That would be the usual situation. You can open the plastic connector (there's a little tab that you need to press in and slide the two parts apart) and make connections for the light and the usb device. 
Does your light have a switch to switch it off?
Most, if not all, of the usb devices need the light to be off to work. If you don't have a lightswitch, then you may need to consider a new light.


----------



## berlinonaut (18 Feb 2019)

cisamcgu said:


> There are a pair of wires going from the front light to a small plastic connector and then into the dynamo. I imagine I will have to somehow add the wires from the USB charger to these and put them into the connector.
> 
> I'll find some photos
> 
> Andrew



It is pretty easy: the wires are + and - (and with the Shimano Dynamo it is in opposite to others important do distinguish between the two). The little plastic housing on the dynamo hub that they enter can be simply pulled of the hub.
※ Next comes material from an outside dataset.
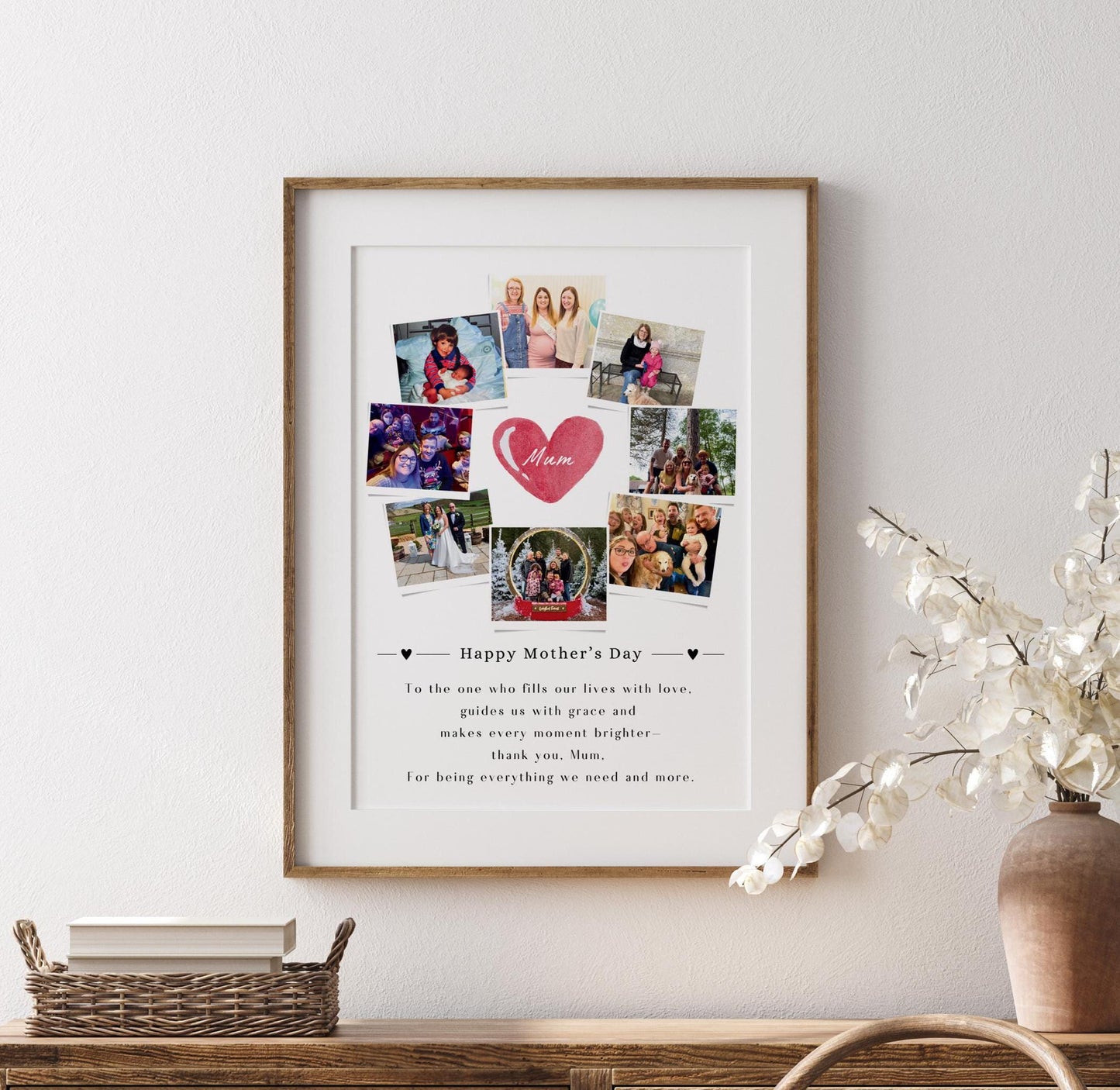 This is a framed Mother&#39;s Day collage featuring multiple family photos arranged around a central heart graphic that says &quot;Mum.&quot; The design includes a heartfelt message at the bottom that expresses love and gratitude for a mother’s guidance and presence. The frame can be black or white, and the background is white, giving it a clean and elegant look. The collage is placed against a light-colored wall on a wooden floor.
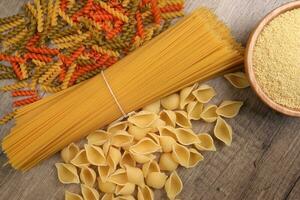 seco cru espaguete Conchiglie conchas do mar fusilli cortiça parafuso cor massa cuscuz variedade em rústico madeira fundo foto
Then you can take it apart - it has an inner part and an outer part, secured together by a small knob. Having done that pull the two cables out, drill each of them togehter with the according cable coming from your future charger (care for + and -), put them back into the housing (again care for + and minus), pur the housing back onto the hub and off you go. Pretty easy.


----------



## cisamcgu (18 Feb 2019)

@HobbesOnTour and @berlinonaut - again many thanks for your replies. The light does have an on/off switch. I will have a good look at the plastic connector and see if I can open it up. If I can, then I will look at picking a USB charger


----------



## HobbesOnTour (18 Feb 2019)

cisamcgu said:


> @HobbesOnTour and @berlinonaut - again many thanks for your replies. The light does have an on/off switch. I will have a good look at the plastic connector and see if I can open it up. If I can, then I will look at picking a USB charger


Have a good think about what's important to you in your charger. For example, what real estate it will take up on the bike. Where will you put the unit/powerbank? Will it affect the foldability of your bike? Weatherproofing? 
Good luck!


----------